I believe cars should fulfil dual roles of utility and pleasure. There’s no reason, these days, to drive a boring white-goods appliance of a car, even if you’re not a car person. Cars should, and can be, desirable, beautiful, enjoyable, and at the same time practical. Your smartphone manages to be simultaneously attractive and useful, just like your spouse of course. That’s as it should be, considering you spend so much money on the thing and so much time in it. You choose which one I meant…
So the 86 hits the mark for me, and if it was human I’d marry it. I bought it because I’m a driving enthusiast who wanted something that would indulge my penchant for going fast, or sideways, or both (on a track, of course). Over the past year I’ve done numerous trackdays, dirt time trials trials, motorkhanas, skidpan sessions and hillclimbs. In each the 86 has been a joy, and dependably reliable too. Some cars throw up a little problem here and there, so you can never quite trust them, like an otherwise docile dog occasionally snarling, and you know it’s not playful. But the 86 never misses a beat, so it’s one of those cars you begin to trust, which is the bedrock of truly enjoying a vehicle. Unless of course you’re into old British cars in which case the enjoyment starts when you’re picking which of your tools to use. So where others are jacking up their cars, and breaking into sweat and selecting spanners between runs, I’m sipping coffee and watching the action. Then I drive mine home. I might not have the fastest time, but I’ve had trouble-free, low-cost sportscar fun and that is the essence of the 86, driving pleasure distilled, refined and badged by Toyota, or Subaru.

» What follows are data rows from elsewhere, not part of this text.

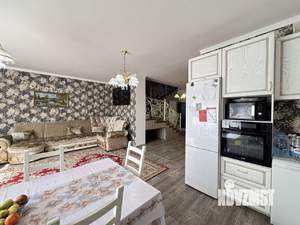 Дом 230м&sup2;, 2-этажный, участок 7 сот.  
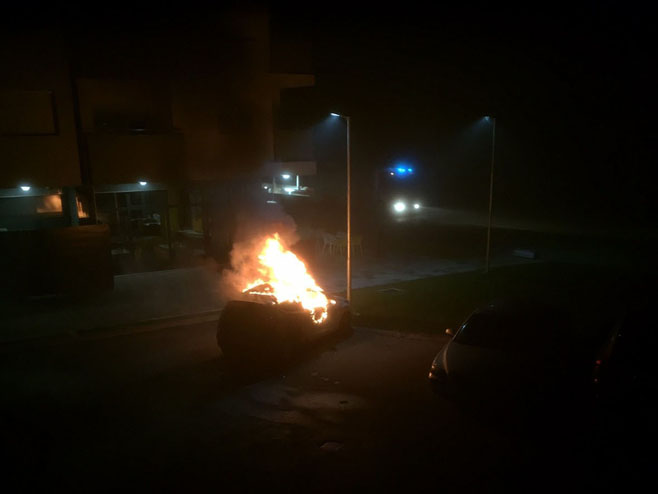 Добој - изгорјело  ауто - Фото: СРНА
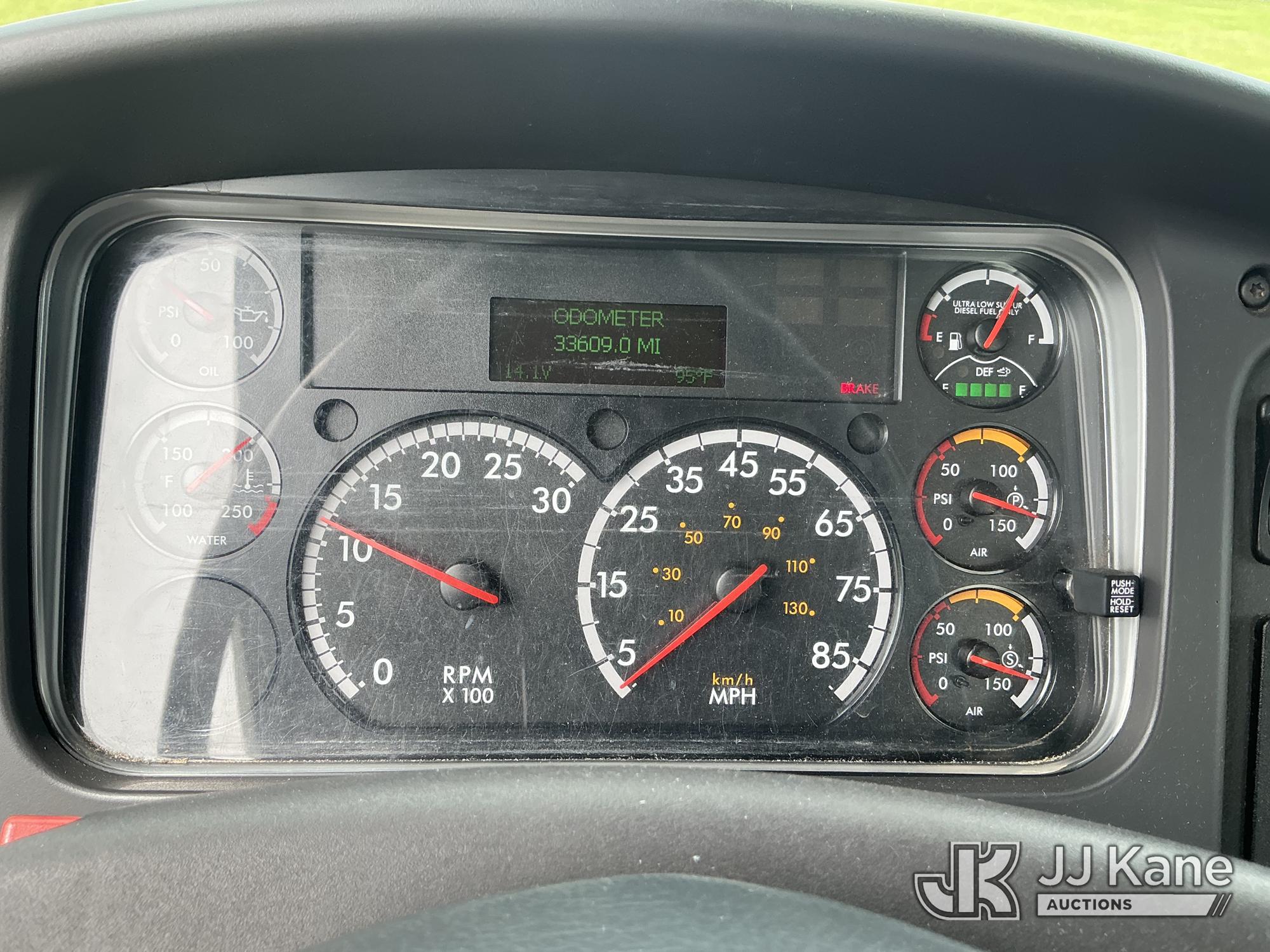 2016 Freightliner M2 106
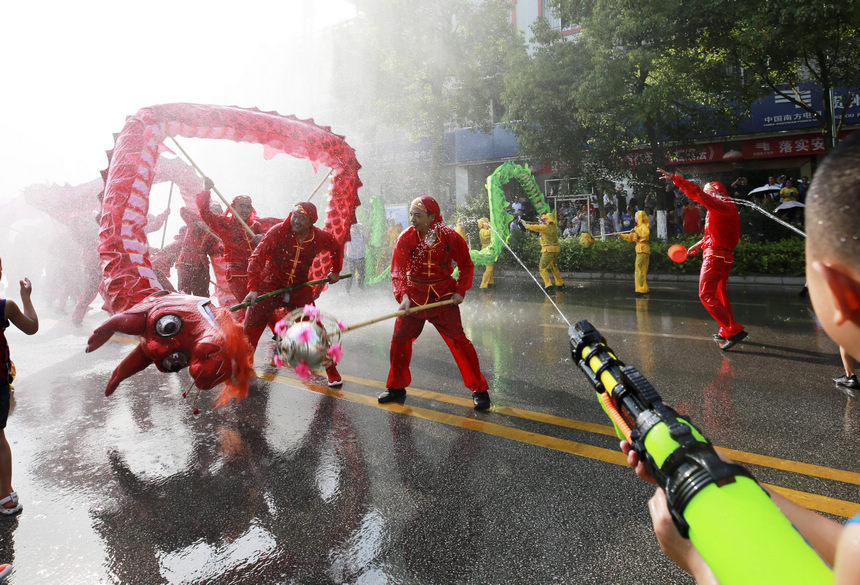 7��15�գ�����Ⱥ�������F��ʡ���ӿh����������ˮ��Ѳ�λ�ӡ�����ϔz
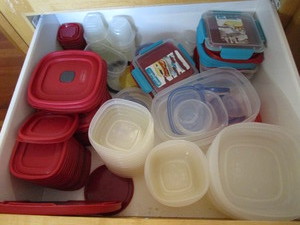 lot 75 image: Rubbermaid Storage Containers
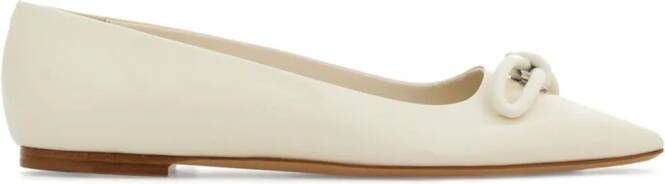 Ferragamo Ballerina's met geknoopt-detail Wit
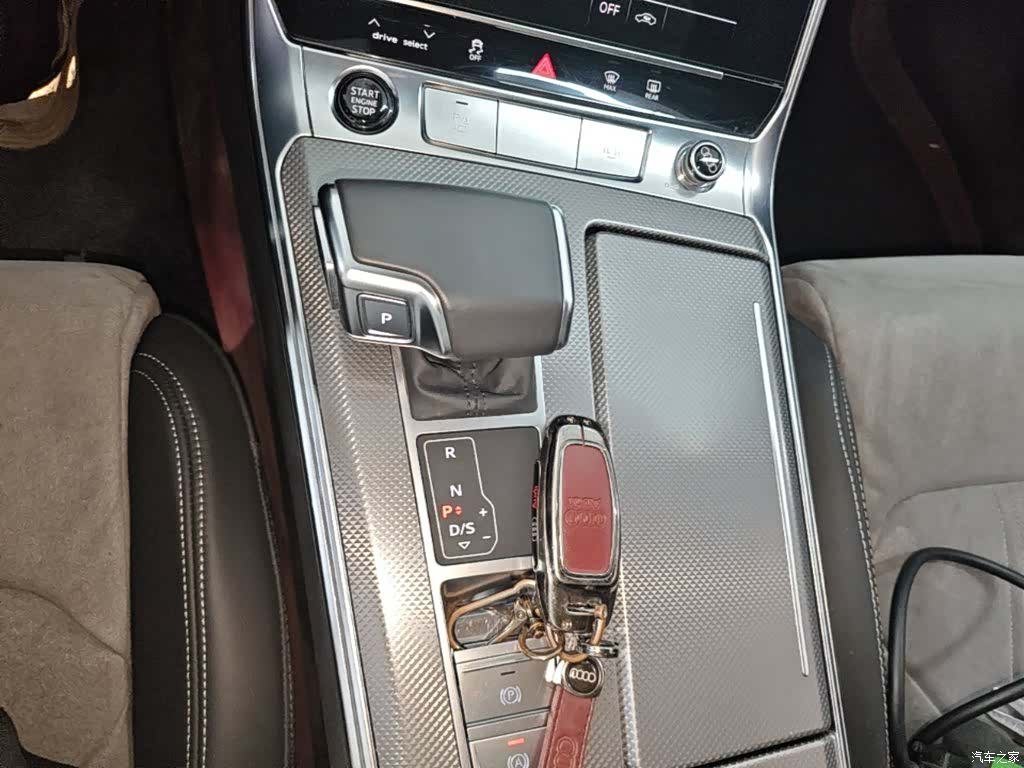 Audi A6L, 2025 14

You see, some sportscars aren’t sportscars, just a pretty body on an average chassis, the singer who looks the part but relies on recordings to deliver. In contrast, the 86 is the real deal. The signs are subtle, but there if you know where to look – the tacho is front and centre, because you don’t look at the speedo when competing. The seats are low and superbly supportive, and you see out the windscreen the front wheel-arches, which is not only pretty but helps with car positioning and control. Electronic stability control is two-phase and can be entirely disabled. The headrest is reversible so you can wear a helmet in comfort. The battery is on the opposite side to the driver, and recessed as far as it’ll go in an asymmetric engine bay. The engine itself is as far to the centre and rear as possible. The interior doorhandles are positioned to permit a rollcage. There’s a limited-slip diff on just about every model. The small area between the wing-mirror and A-pillar is glass for better visibility, not plastic for cost. You can check fuel levels without turning the ignition on. I could go on, but everywhere you look there’s evidence that what we have here is a for-real, ground-up sportscar, not a wannabe pretender with go-faster stripes. In the same way Range Rover owners can look across at the likes of BMW X6s and Audi Q7s and think “I have a true 4X4 and you don’t“, so too can 86 owners look at anything else on the market, even those much faster, and think “I have a true sportscar”.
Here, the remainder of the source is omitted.